" Il y aura toujours des amoureux de Shelley, mais ce livre n'est pas pour eux. " Voilà donc le lecteur averti : la biographie de Richard Holmes lui fera plus souvent franchir le seuil d'un enfer dantesque qu'elle ne le ravira dans le bleu virginal de cieux éthérés. L'ange Ariel, si cher à André Maurois, retrouve ici son poids de chair et de sang, avec toutes les facettes et les tourments d'un humain qui ne fut, loin s'en faut, pas toujours pur, s'il fut certes épris de pureté.
Mais là réside précisément la force singulière de cette biographie : car ce qu'elle nous donne à aimer bout du compte, ce n'est pas _ ce n'est plus _ cette image idéalisée, et quelque peu émasculée, qu'une postérité victorienne soucieuse de respectabilité a cherché à donner de lui, mais un homme que sa sensibilité à fleur de peau, sa soif de savoir en tous domaines, sa passion impétueuse et son caractère indomptable exposèrent parmi d'autres, mais plus que d'autres, aux difficultés, aux drames, aux aveuglements aussi, qui sont le lot de toute existence humaine.
Si Shelley apparaît alors comme un héros, c'est comme un héros tragique ; et s'il s'avère un génie, ce n'est plus le fruit d'une idolâtrie mais d'une juste reconnaissance.
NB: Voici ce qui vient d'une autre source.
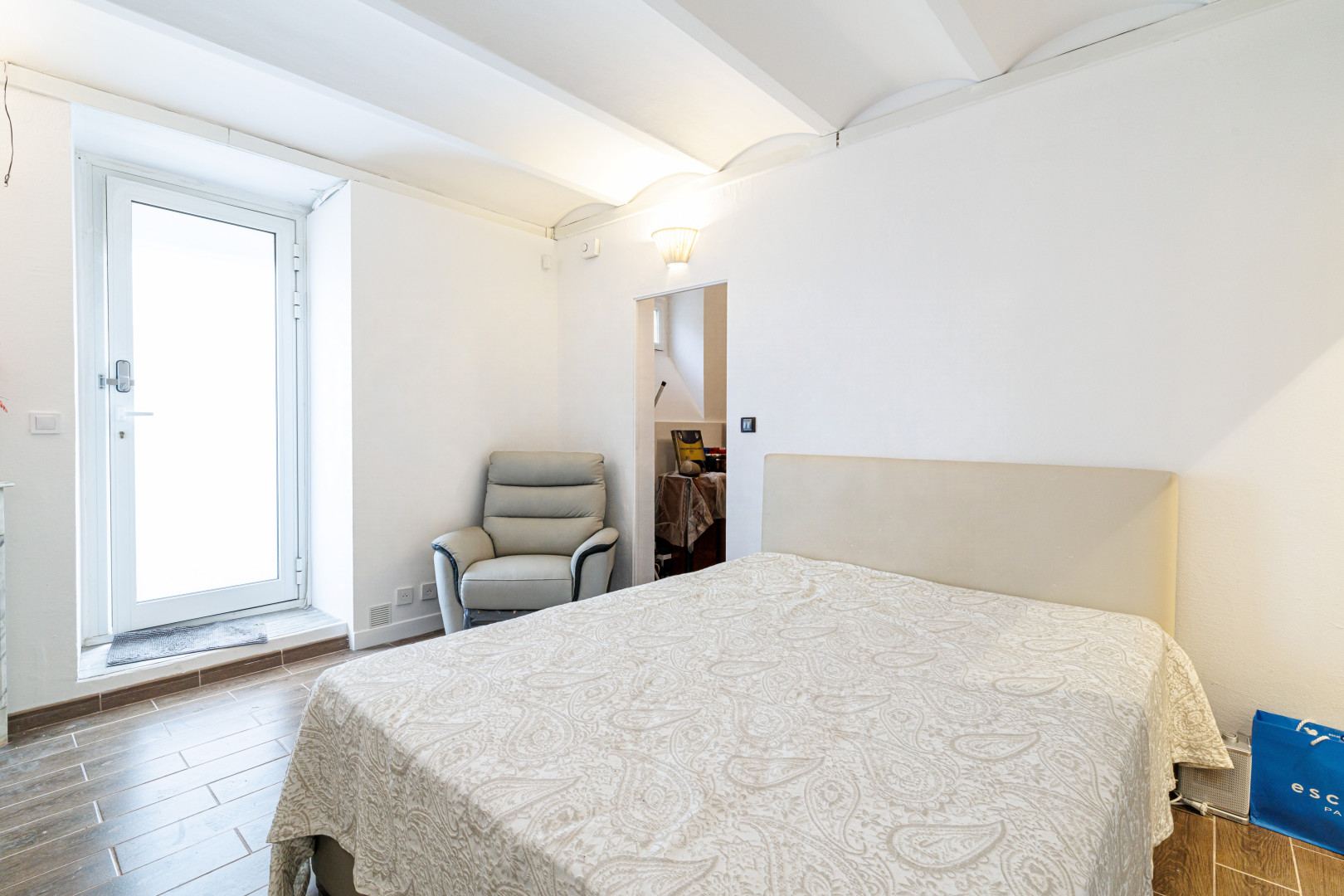 
                                                Vente
                                                 .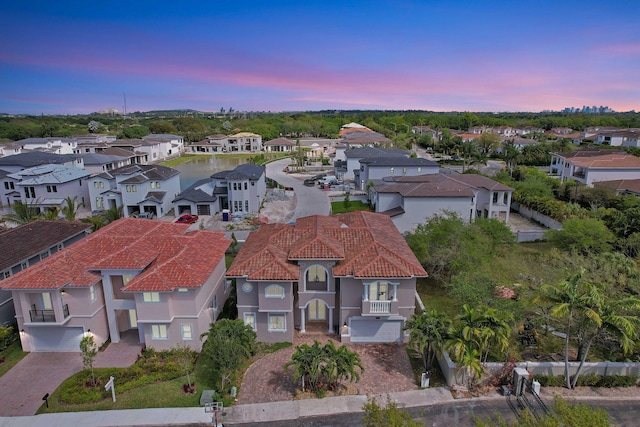 view of aerial view at dusk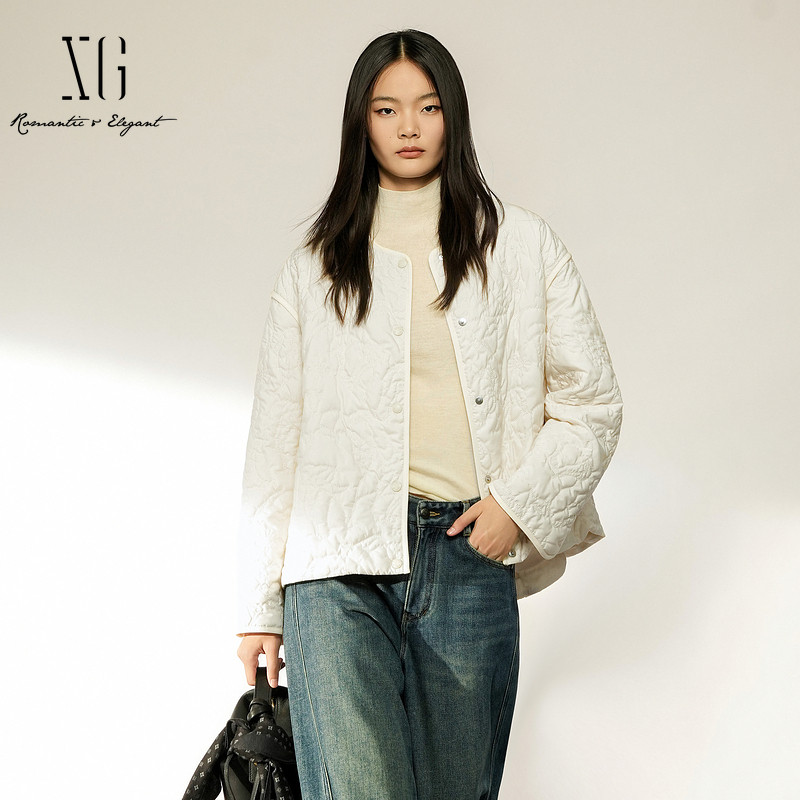 XG/雪歌 XL407006A191白色圆领单排扣直筒棉衣外套保暖一手长女装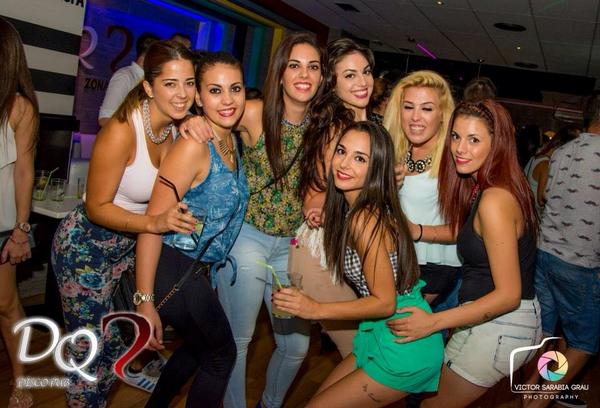 DQdiscopub's tweet photo. @DQdiscopub: Consulta las fotos del domingo en Facebook.pincha en me gusta y gana una botella de Moet.
dq.discopub.7 http://t.co/Rzbr2AYdah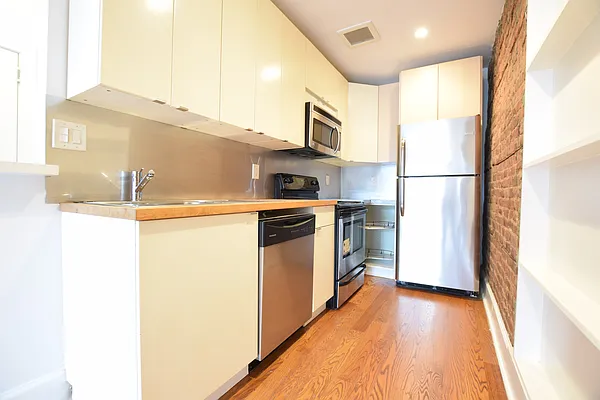 Rented by null | media 41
Du même coup, c'est l'oeuvre qui se trouve tout entière remise en perspective : Shelley n'est plus seulement le poète lyrique que l'on a voulu privilégier, il est un pamphlétaire, un polémiste, un traducteur, un penseur, un essayiste, qui s'indigne des injustices de son époque, et participe à ses combats en même temps qu'il essaie de la comprendre en profondeur par toutes les voies d'accès et dans tous les registres de l'écriture.
C'est donc aussi tout un tableau de l'Angleterre à l'aube du XIXe siècle que nous offre Richard Holmes et, par là-même, des débats toujours actuels qui agitent la civilisation industrielle naissante, qu'il s'agisse de la religion, des tabous moraux, du mariage, de la pauvreté, des institutions politiques, où il devient peu à peu patent que Shelley, jusque dans ses errements, fut un extraordinaire précurseur de notre temps.
Le paradoxe n'est donc, on l'aura compris, qu'apparent : c'est en fait parce qu'elle est sans fard et sans complaisance que cette biographie révèle une figure autrement plus émouvante en définitive, et d'une vertu autrement plus cathartique, que bien des portraits certes charmants, mais rendus plats à force d'avoir trop voulu en épurer les ombres. C'est un acte d'amour vrai. R. D.